What is Keyword Density Used For?
Nothing much, really.
Keyword density can help in readability calculations.
Keyword density is also sometimes used as a simplified manner to introduce local keyword weight but should never be confused with it.
Why don't Search Engines use Keyword Density?
Search engines deal with calculations that say something about words in a document in relation to the index it appears in.
Keyword density says something about words in a document in relation to the document itself. It doesn't help you to compare and thus sort or rank a set of documents.
Frequency <> Relevance
The fact is that frequency in and of itself doesn't equate to relevance.
The word the is the most commonly used English word: it appears with the highest frequency. If a search engine would calculate relevance as frequency, all documents in its index would have the as their topic subject.
Likewise the word time is the most commonly used English noun. This would make a multitude of documents relevant to time before anything else.
To make sense of word occurrences in a document a search engine has to see those words in the context of its index.
This is done by calculating the overall importance of words both in the document and in the index.
This importance is called term weight.
To calculate the importance of a word in a document, 3 variables are needed:
- local weight: a calculation based on keyword frequency in this document. This variable can be calculated in many ways but not as a straightforward count of how many times the word appears in the document.
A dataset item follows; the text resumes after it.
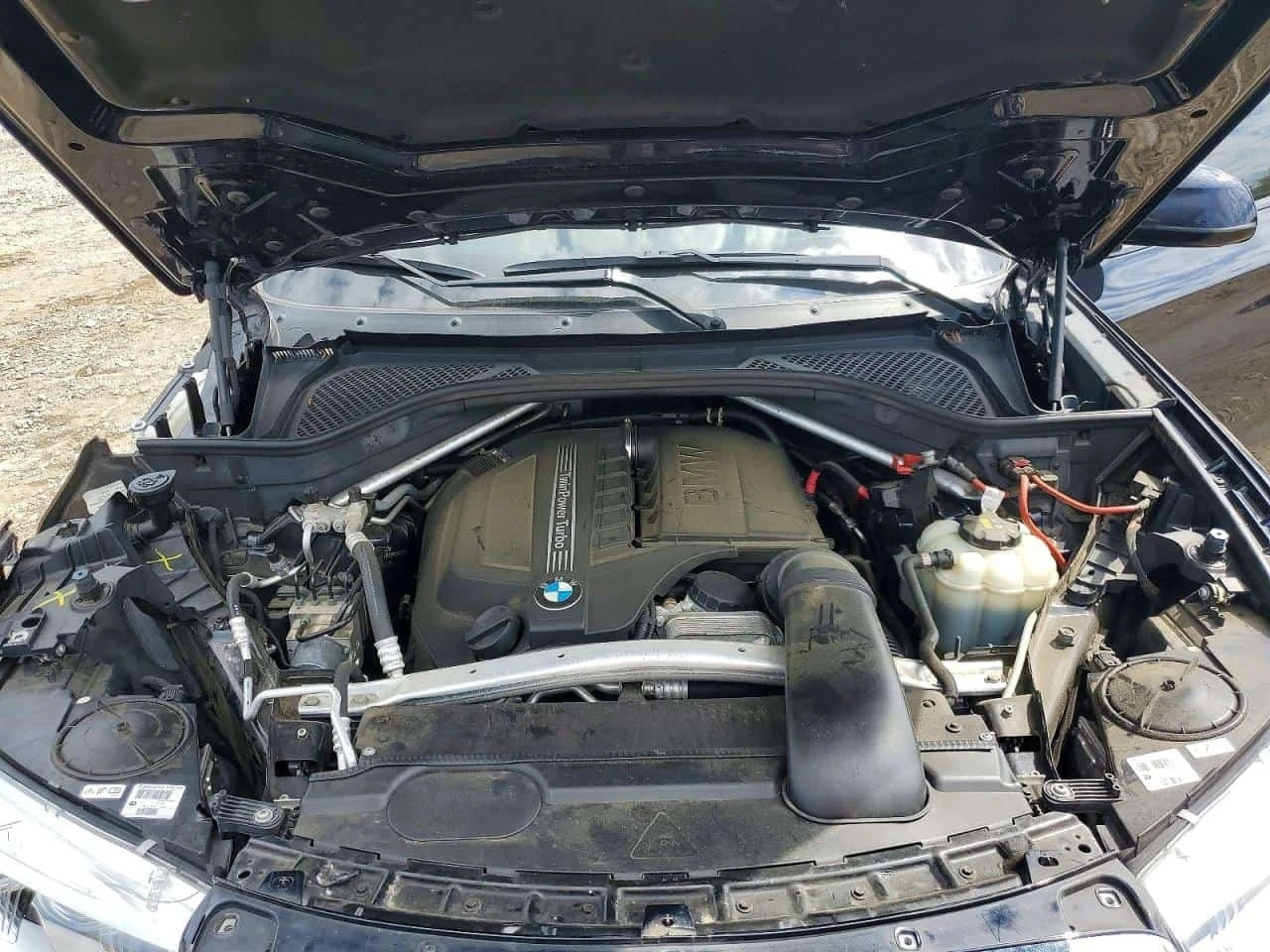 BMW X5 * xDrive35i * CARFAX * ����� �� ����������� | Mobile.bg � ����������� 12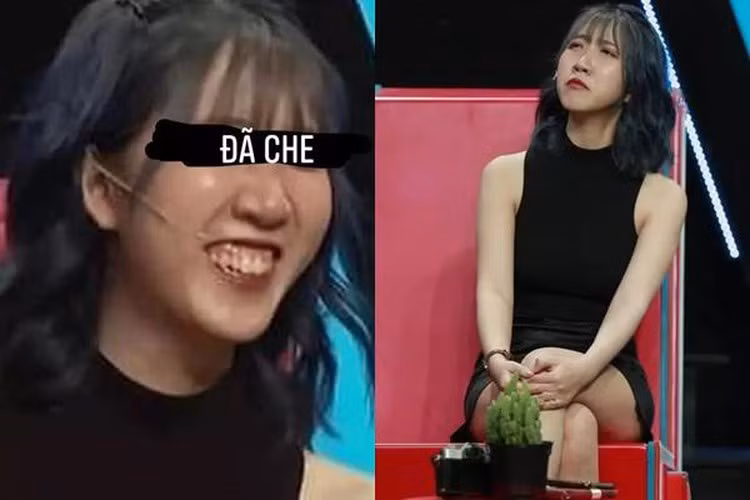 Cụ thể, Đoan Minh gây tranh cãi khi đưa ra hàng loạt yêu cầu với nửa kia như phải đẹp trai; rồi cho tiền để bạn gái mua đồ, đầu tư chứng khoán, bất động sản...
- global weight: calculated based upon number of documents in index divided by number of documents with the keyword.
- normalization: a calculation designed to remove the unfair advantages and disadvantages of document length. Usually you work to express the end values between 0 and 1.
None of the search engines have ever disclosed which published or unpublished scales they use for local weight or global weight.
What we're looking to achieve is to get high values for terms (words/phrases) that occur a lot of times in the relevant documents but infrequently in the index as a whole.
Keyword Density Myth Summary
Search engines use term weight to rank documents by relevance.
Term weight is calculated from the result of two other calculations: local weight and global weight.
Without knowing the function used for local weight we can't calculate it -- but we do know that it's not just pure keyword frequency.
Without knowing the size of the index, the number of documents relevant to the term, and the function used for global weight we can't calculate it.
Using keyword density as a guesstimator of weight or relevance is therefore utterly useless. It's like giving you the height of a three dimensional object based on which you have to not only return its volume but also tell whether it is larger or smaller than any other unseen object in a collection you don't know about.
Hungry for more? I recommend The Keyword Density of Non-Sense.
21 thoughts on “How Search Really Works: The Keyword Density Myth”
Once again Ruud, you dispel the myths that a lot of beginners (including myself a few moons back) think equals SEO, and expand upon to show the true path.
I love your writing style. I wish I had your patience to lay out the fundamentals so well. I know I am partially responsible for having the appearance of jumping to conclusions and calling them “rules of thumb” but the most important factor “in my summation” I have found that translates into high ranking SERPs is global weight in conjunction with back link relevance and authority (that produce ranking rock stars for pages).
Thanks for breaking it down so well. Love the writing style.
Keyword Density = High Rankings. I am so sick of hearing this, nice to see a post explaining that it is a myth and maybe people will learn what it really takes to rank a website.
You are right, it is great for beginners and websites which provide all this keyword destiny tools just waste people time.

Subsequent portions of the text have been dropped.